• EXCERPTED DATA
+--
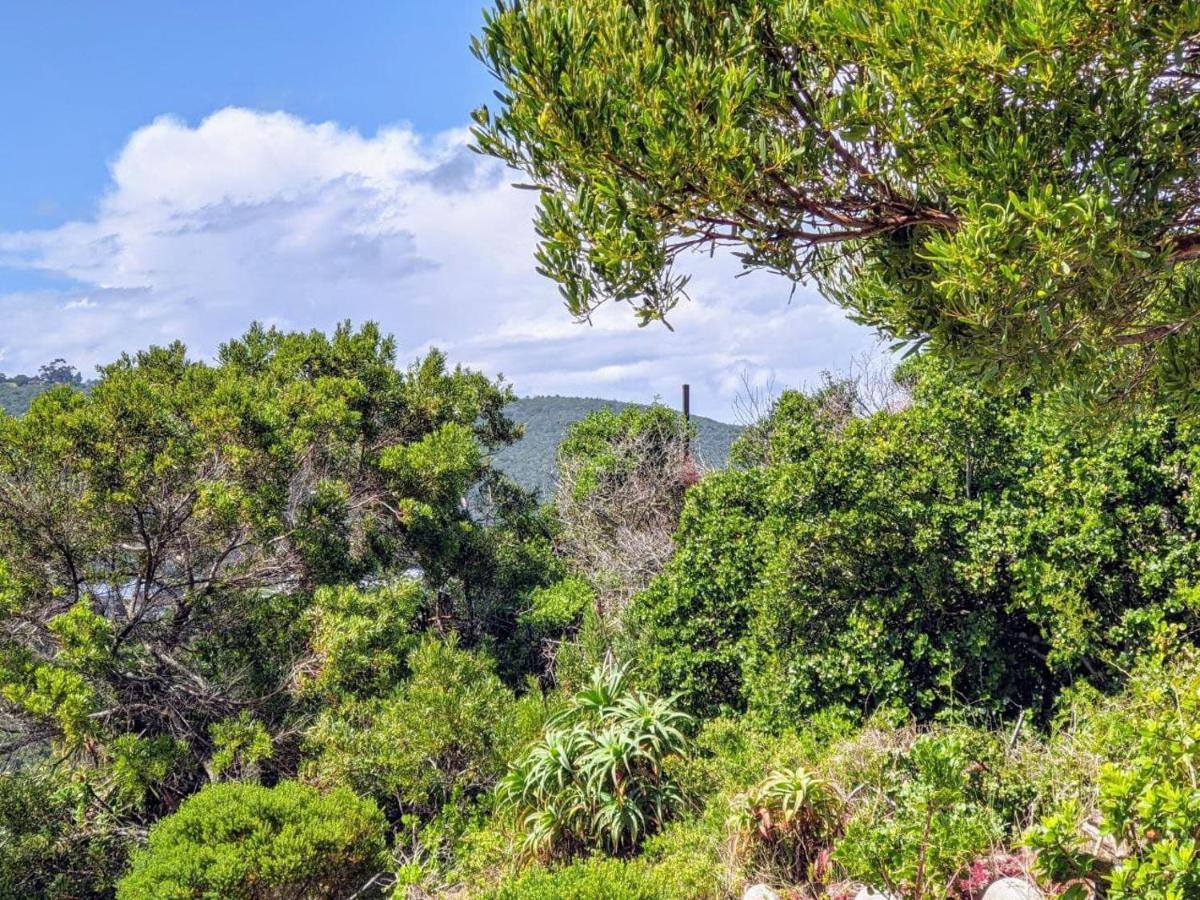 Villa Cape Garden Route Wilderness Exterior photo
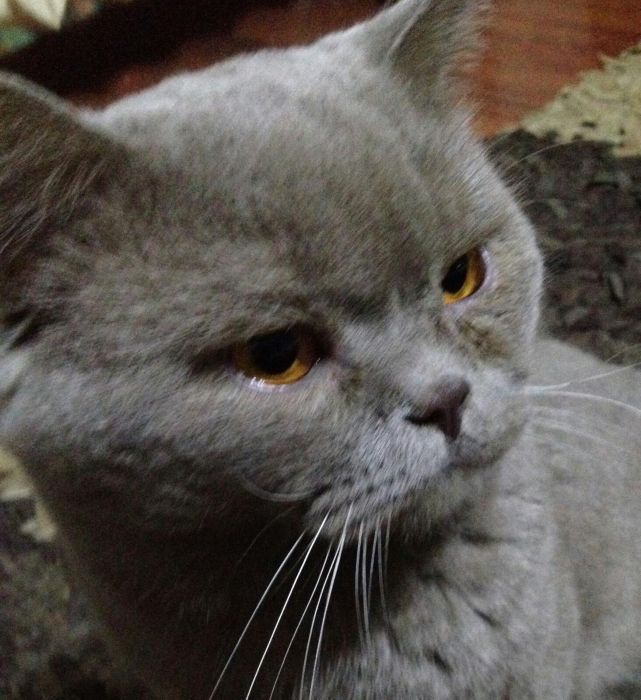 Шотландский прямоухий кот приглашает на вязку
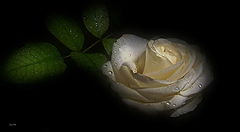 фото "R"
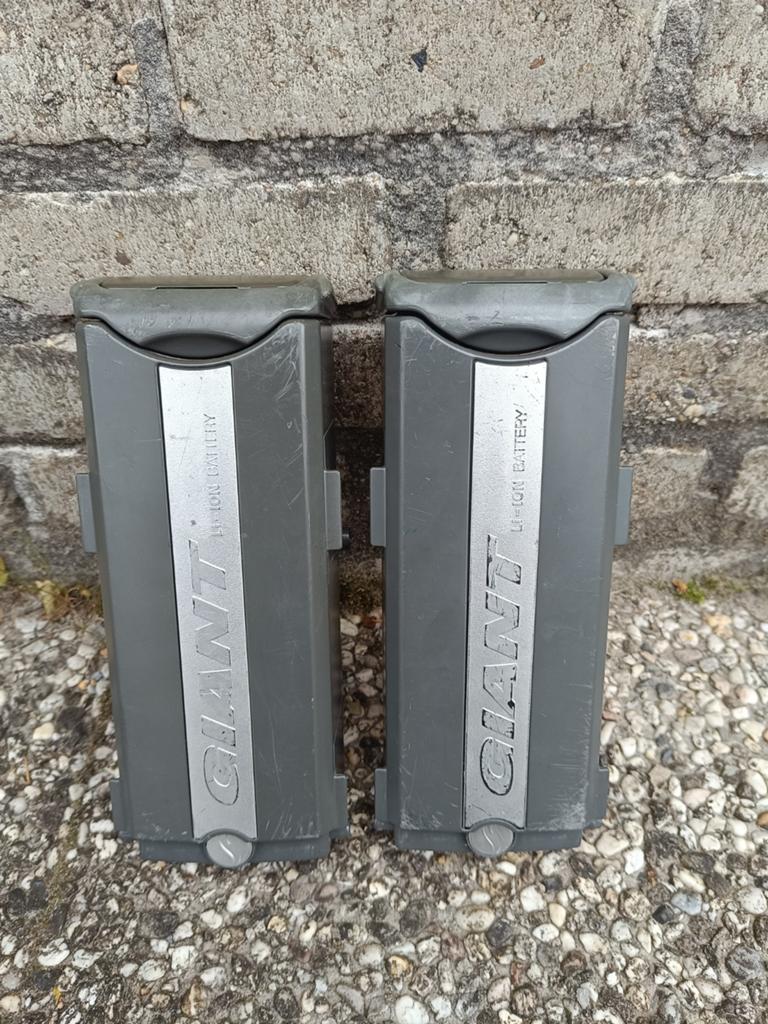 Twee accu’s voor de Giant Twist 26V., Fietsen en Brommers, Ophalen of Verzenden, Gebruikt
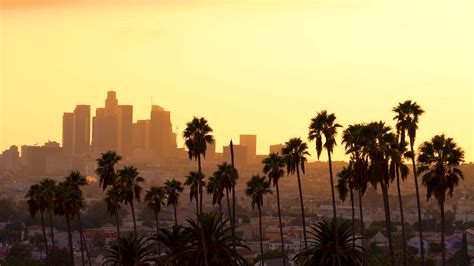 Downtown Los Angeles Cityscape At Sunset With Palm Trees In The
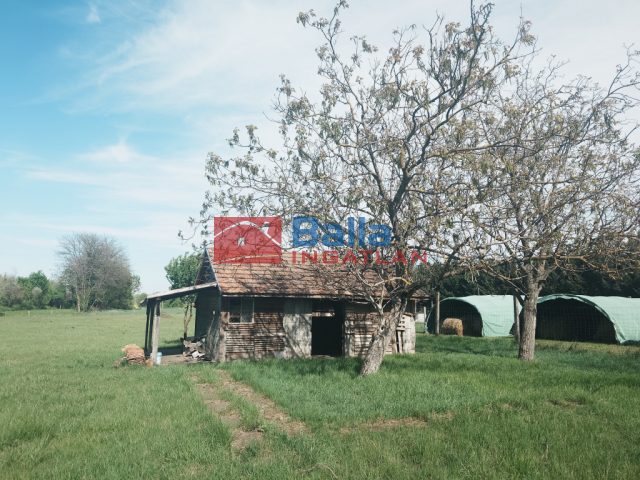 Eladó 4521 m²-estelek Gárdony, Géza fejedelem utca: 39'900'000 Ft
+--
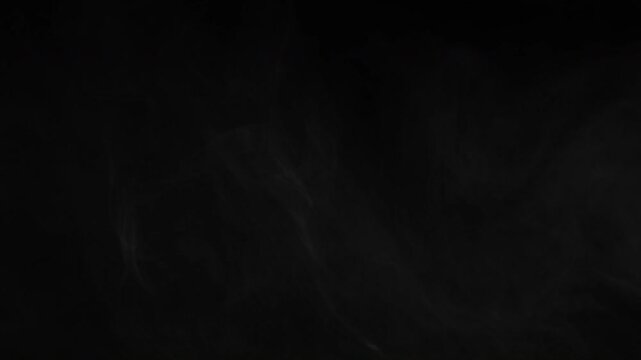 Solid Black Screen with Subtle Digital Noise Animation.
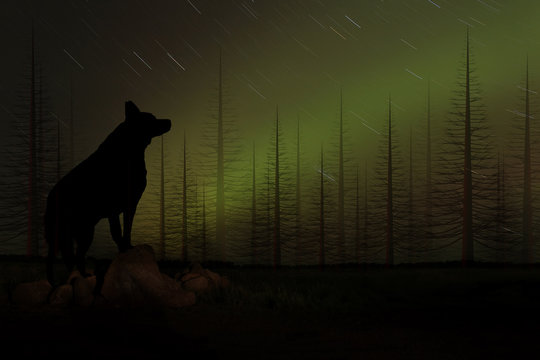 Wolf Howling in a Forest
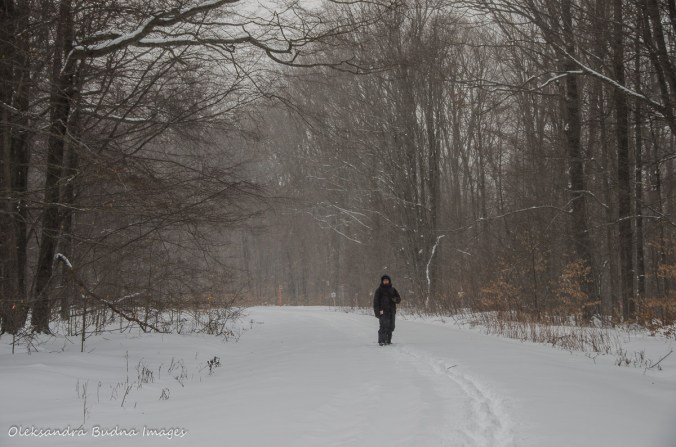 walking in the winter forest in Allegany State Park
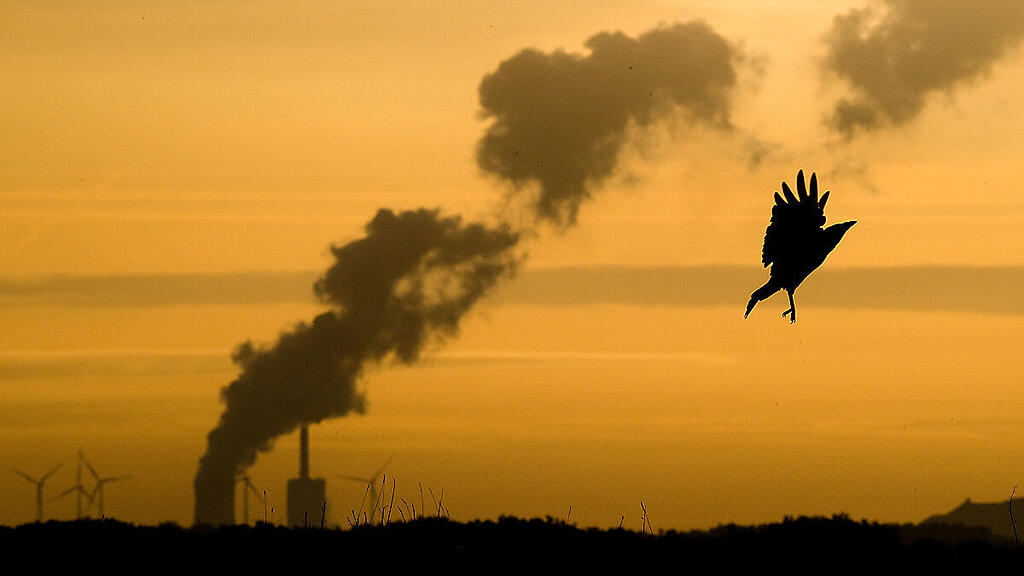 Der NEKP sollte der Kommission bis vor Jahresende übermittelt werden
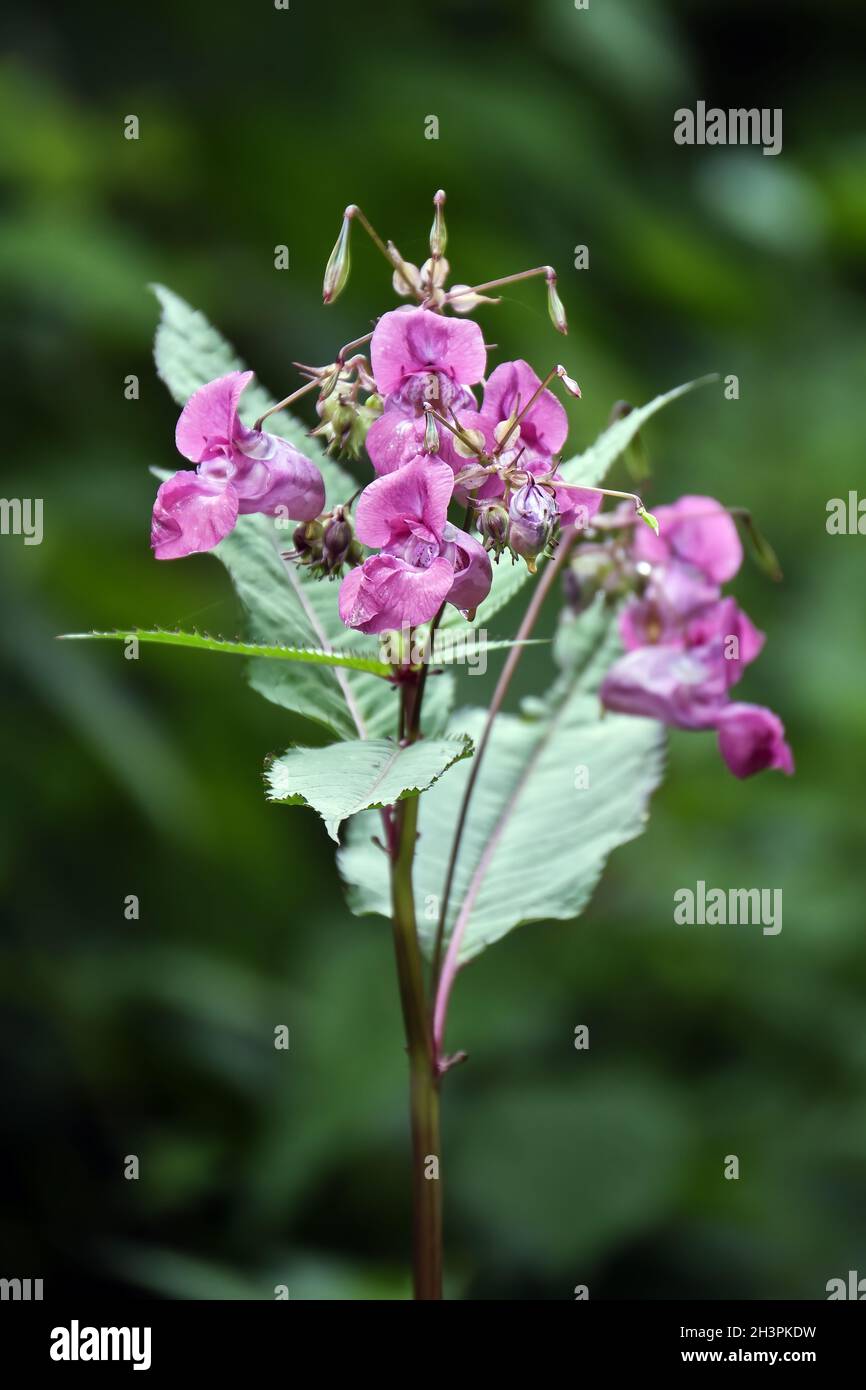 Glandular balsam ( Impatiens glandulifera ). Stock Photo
+--
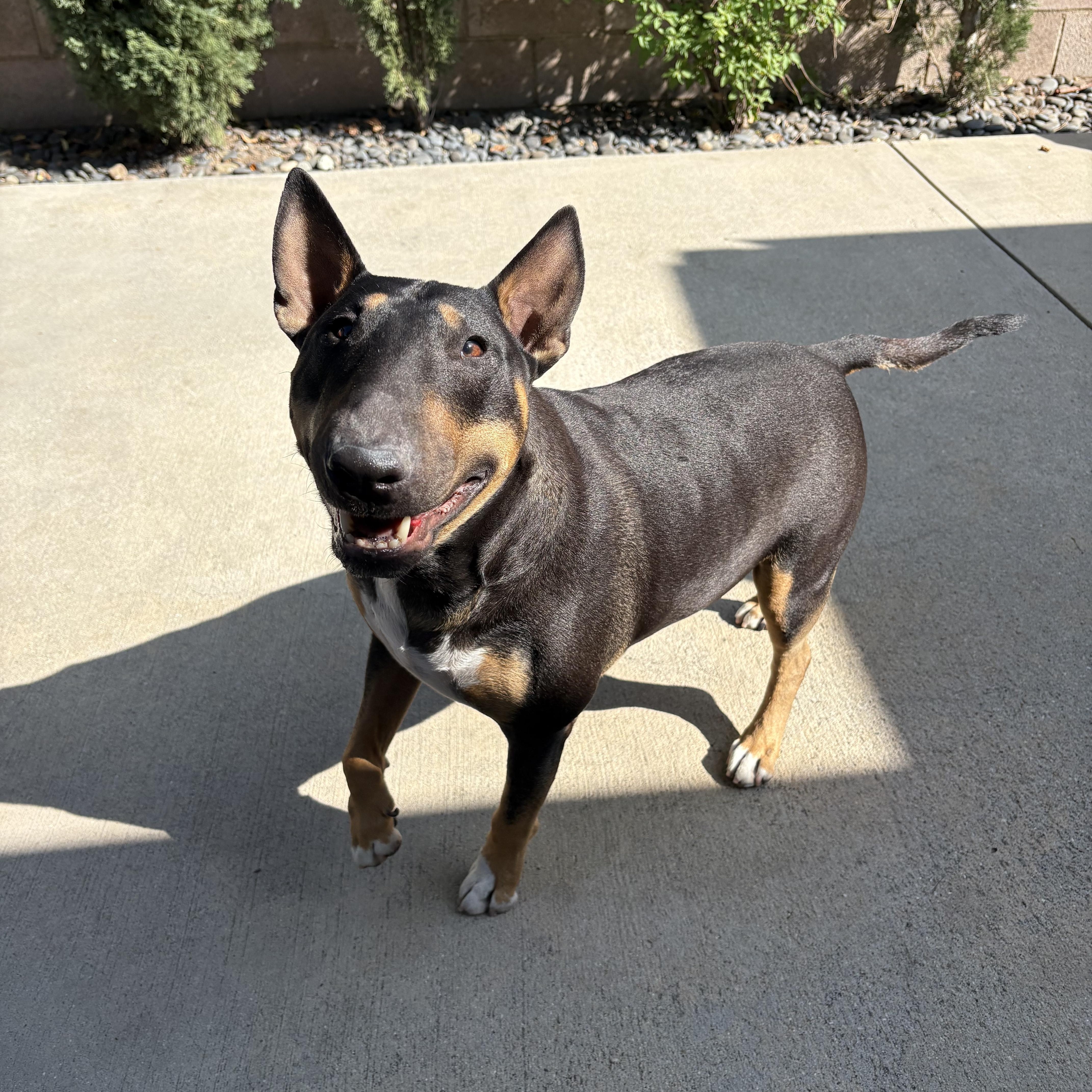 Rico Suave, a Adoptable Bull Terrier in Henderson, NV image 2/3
+--
• YOUR TASK
Between and including the line above that contains "Wolf Howling in a Forest" and the line that contains "Glandular balsam ( Impatiens", restate every line word for word. Pictures stay out.

• THE COMPLETED TASK
 Wolf Howling in a Forest
 walking in the winter forest in Allegany State Park
 Der NEKP sollte der Kommission bis vor Jahresende übermittelt werden
 Glandular balsam ( Impatiens glandulifera ). Stock Photo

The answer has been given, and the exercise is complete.